Image-caption web data:
········

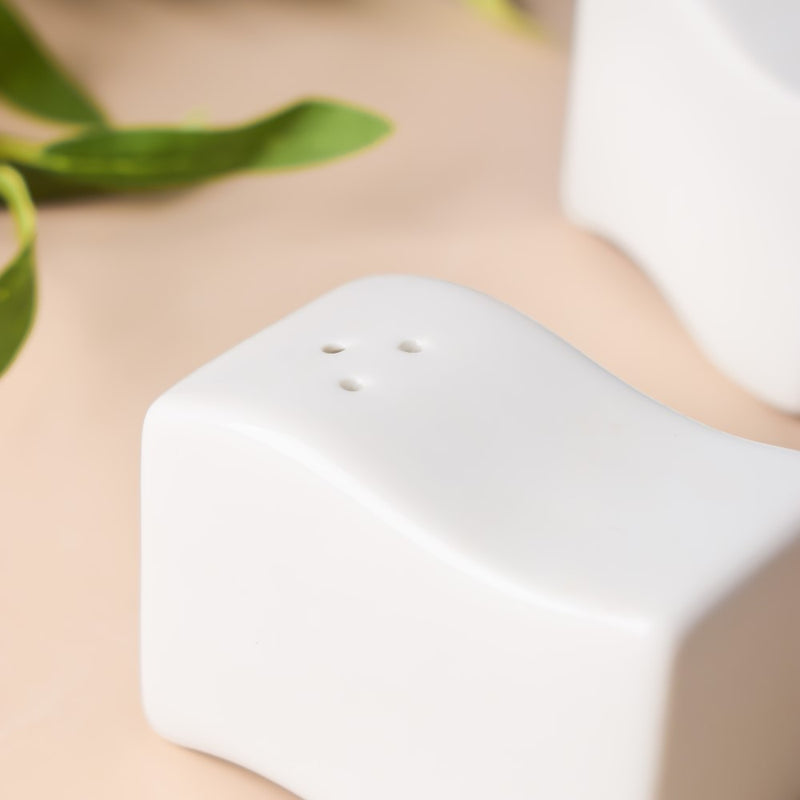 Wavy Ceramic Salt And Pepper Shakers Set White - Kitchen Tool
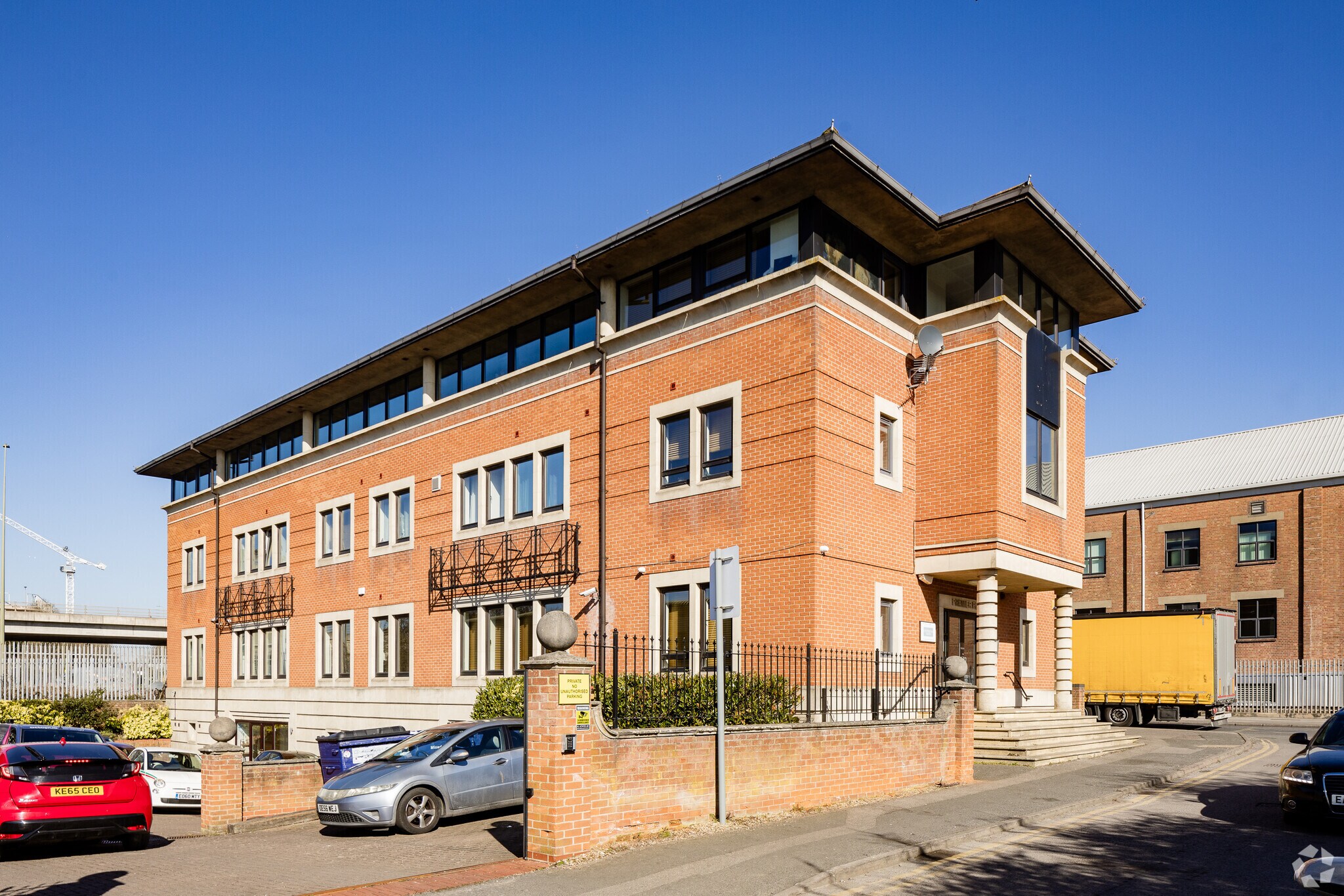 Garsington Rd, Oxford for sale Primary Photo- Image 1 of 1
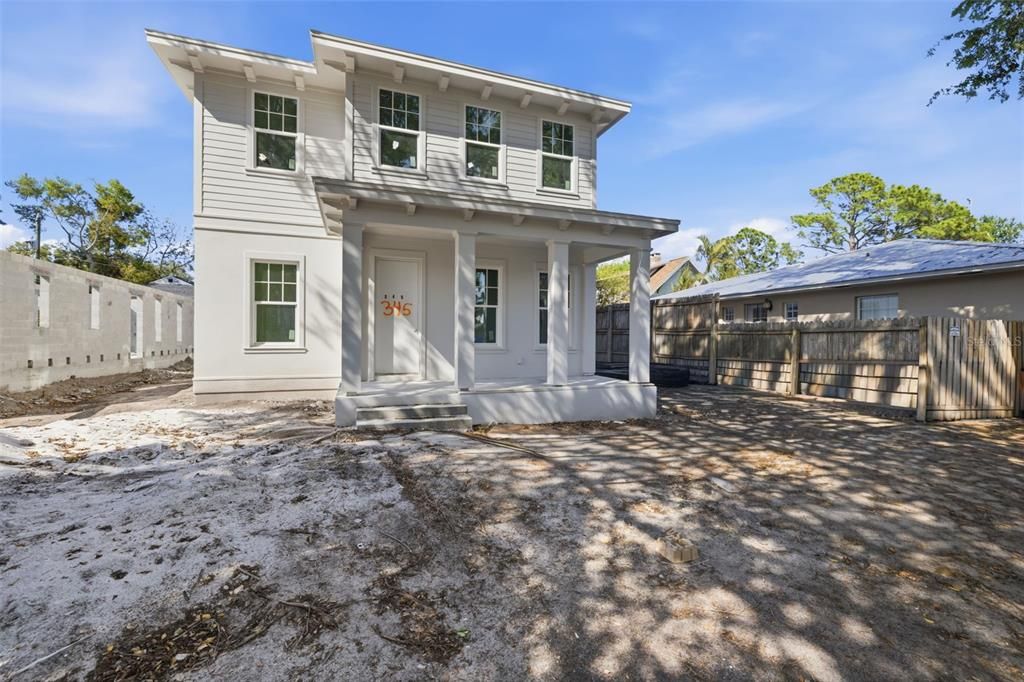 Active With Contract: $2,699,000 (5 beds, 4 baths, 3409 Square Feet)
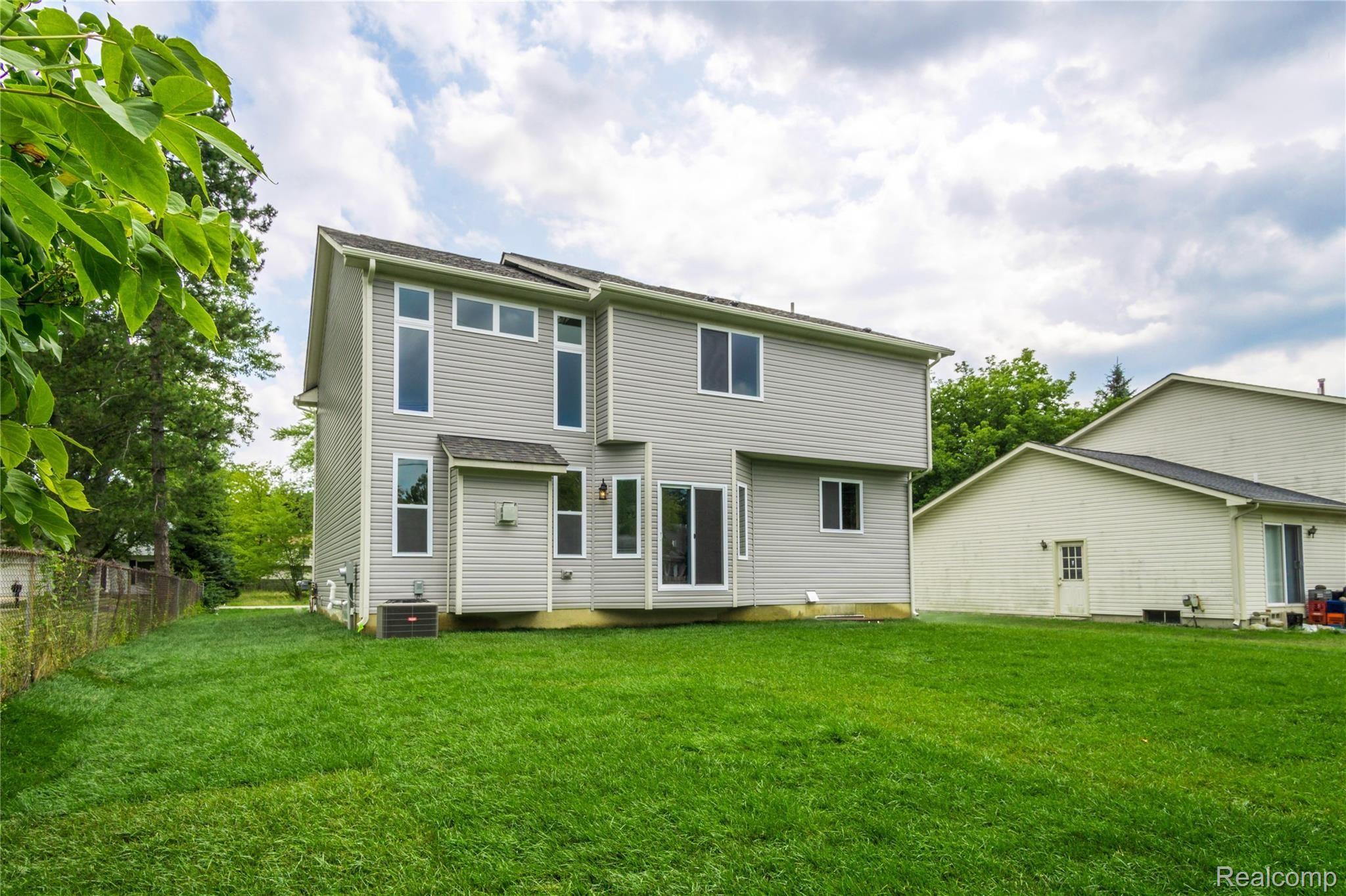 2914 Walsh Drive Rochester, MI 48309 - Photo 36 of 36 Exteriors (5 of 7).jpg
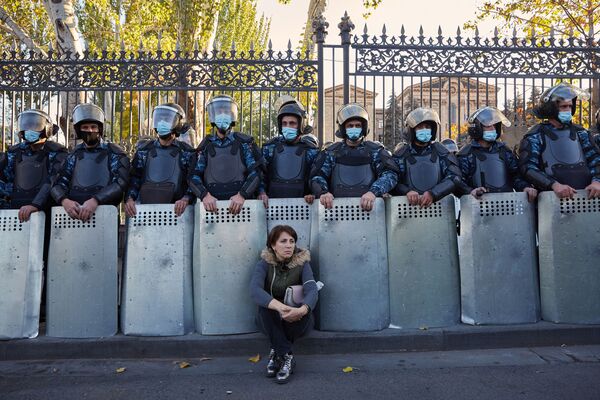 Foto The Strength Of The Artsakh (Força de Artsakh, na tradução) do fotógrafo britânico Alexander McBride, quinto lugar na categoria Portfólio. A foto mostra um momento dos protestos na Armênia em novembro de 2020 - Sputnik Brasil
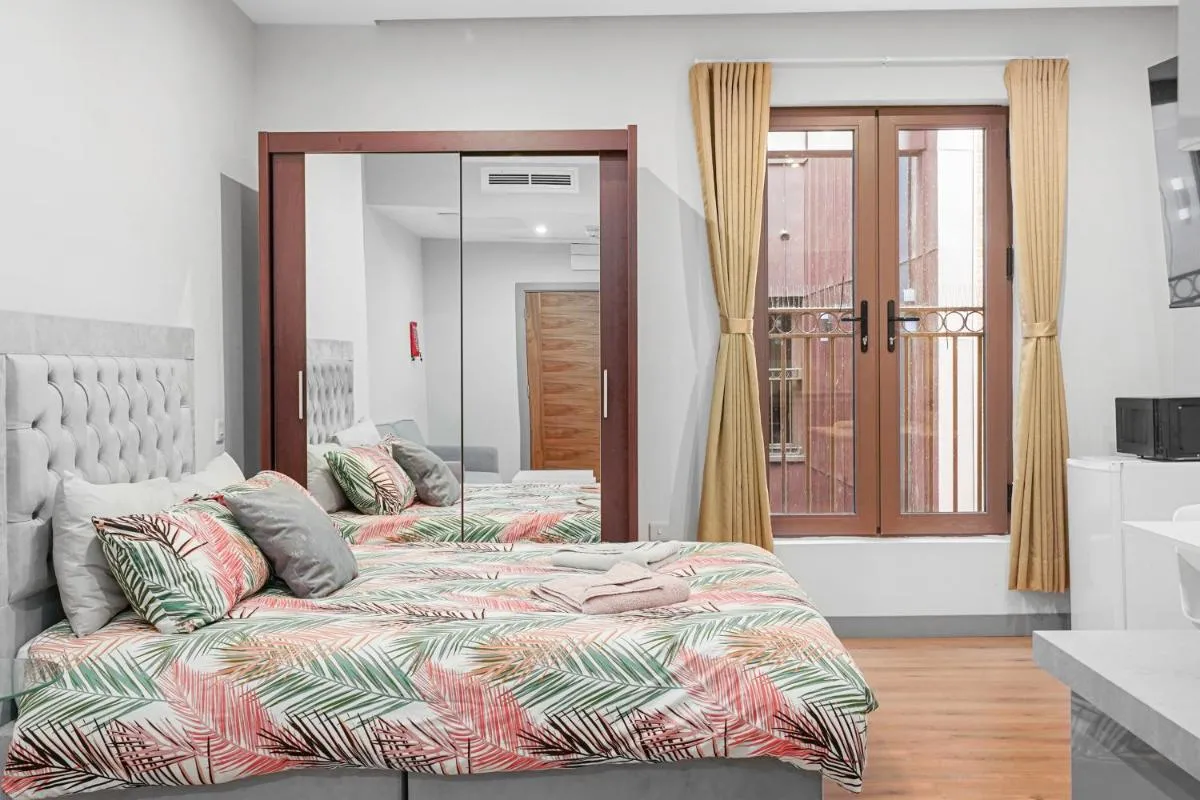 Image 2 of Modern aparthotel 1 minute away from Ilford station 20 minutes from Central London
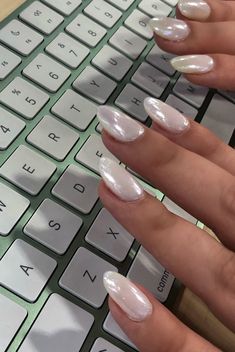 Trendy Almond Nails Chrome, Single Nail Colors Acrylic, Nails With Righnstones Simple, Hailey Beiber White Nails, Pink Sparkly Chrome Nails, Pearlescent Nails White, White Pearlescent Acrylic Nails, Haley Bieber Nails White Chrome, White Pearly Acrylic Nails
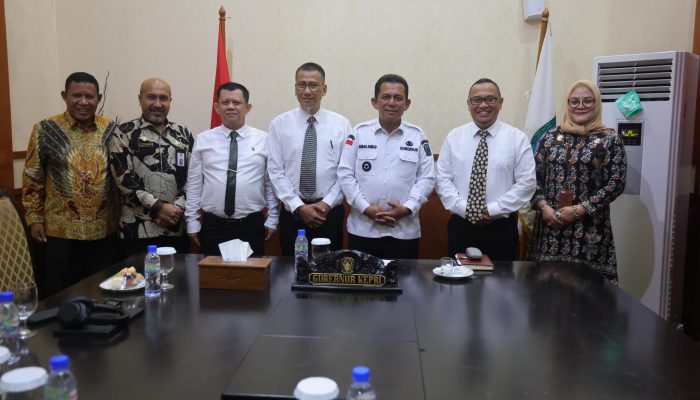 Tahapan Seleksi Terakhir,  Gubernur Ansar Wawancarai 3 Calon Direktur PDAM Tirta Kepri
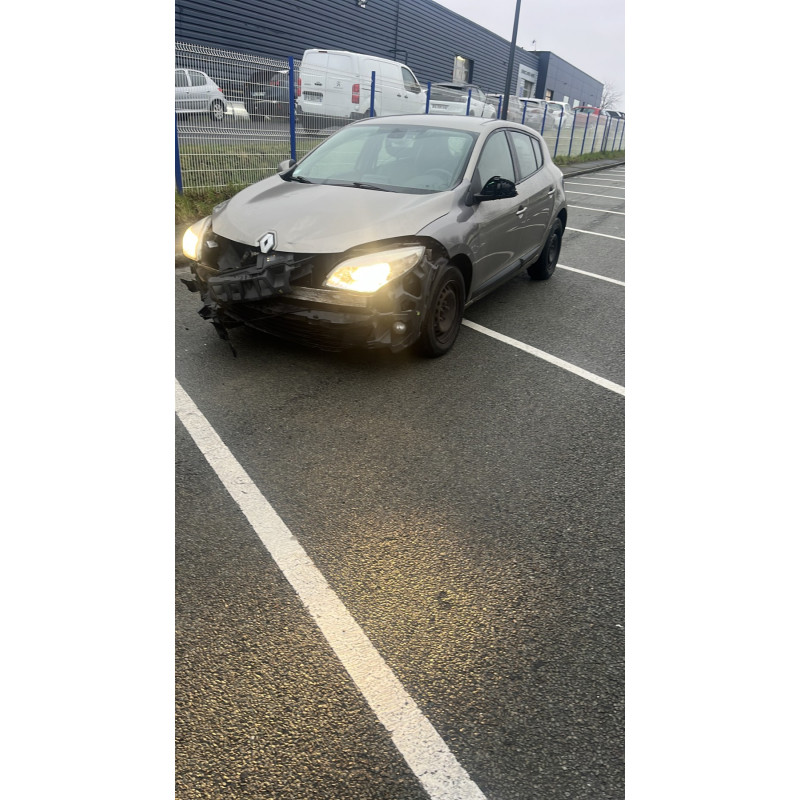 Pretensionneur de ceinture avant gauche RENAULT MEGANE 3 Photo n°6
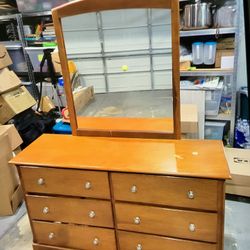 Dresser With Mirror 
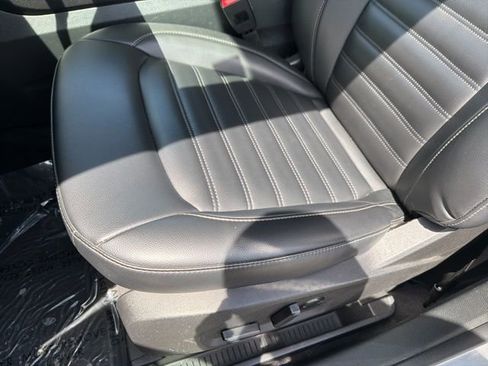 Used 2024 Ford Edge SEL image 21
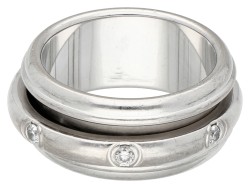 Piaget 18K witgouden Possession ring bezet met diamanten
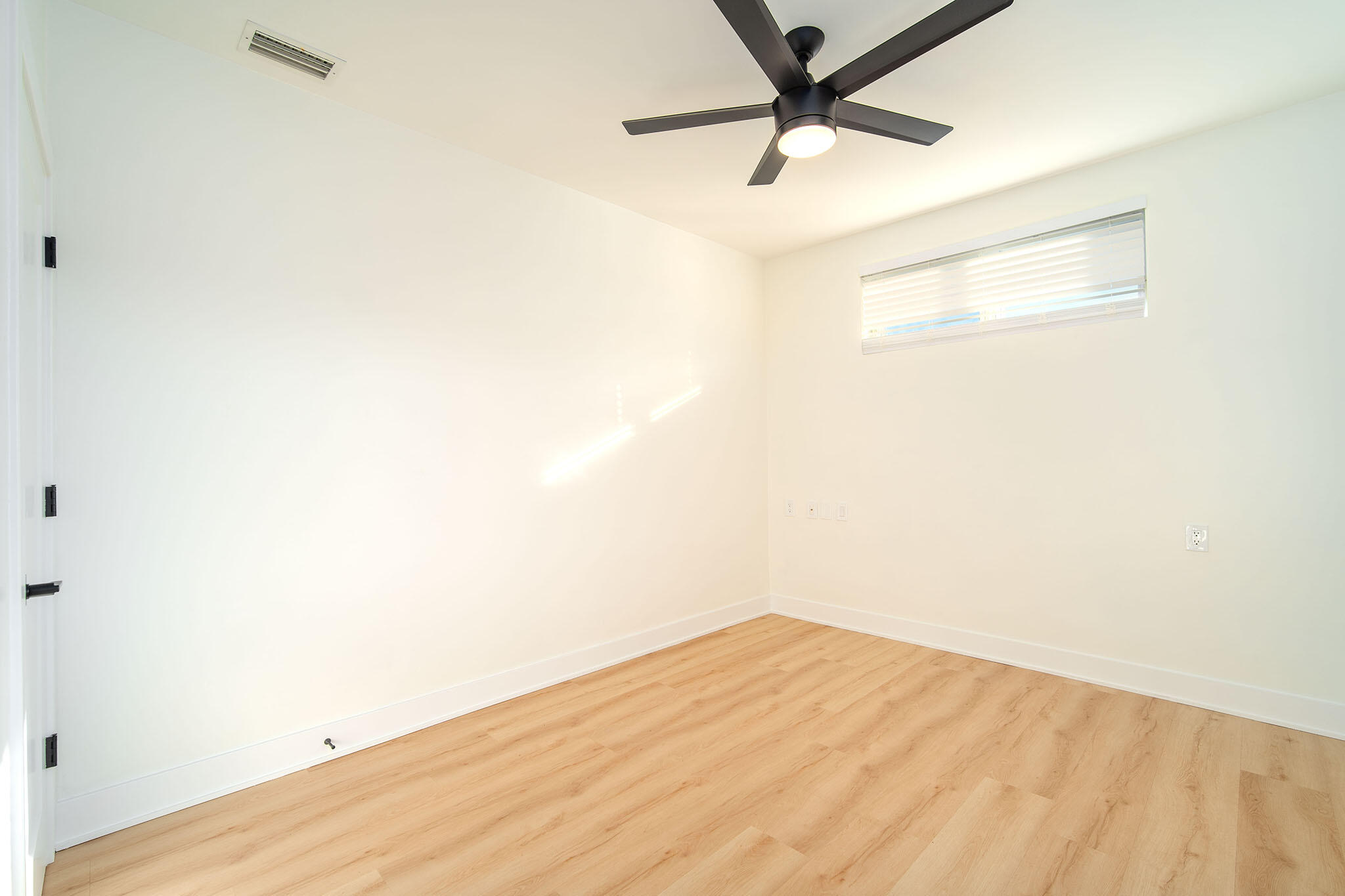 Saddle Bunch, Florida 33040, United States, 4 Bedrooms Bedrooms, ,3 BathroomsBathrooms,Residential,Active,18561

········

◆ **Exercise requirements**: Return nothing except the lines from the line with "2914 Walsh Drive" through the last line of the records above, copied exactly and without pictures.

◆ **Result for this task**:
 2914 Walsh Drive Rochester, MI 48309 - Photo 36 of 36 Exteriors (5 of 7).jpg
 Foto The Strength Of The Artsakh (Força de Artsakh, na tradução) do fotógrafo britânico Alexander McBride, quinto lugar na categoria Portfólio. A foto mostra um momento dos protestos na Armênia em novembro de 2020 - Sputnik Brasil
 Image 2 of Modern aparthotel 1 minute away from Ilford station 20 minutes from Central London
 Trendy Almond Nails Chrome, Single Nail Colors Acrylic, Nails With Righnstones Simple, Hailey Beiber White Nails, Pink Sparkly Chrome Nails, Pearlescent Nails White, White Pearlescent Acrylic Nails, Haley Bieber Nails White Chrome, White Pearly Acrylic Nails
 Tahapan Seleksi Terakhir,  Gubernur Ansar Wawancarai 3 Calon Direktur PDAM Tirta Kepri
 Pretensionneur de ceinture avant gauche RENAULT MEGANE 3 Photo n°6
 Dresser With Mirror 
 Used 2024 Ford Edge SEL image 21
 Piaget 18K witgouden Possession ring bezet met diamanten
 Saddle Bunch, Florida 33040, United States, 4 Bedrooms Bedrooms, ,3 BathroomsBathrooms,Residential,Active,18561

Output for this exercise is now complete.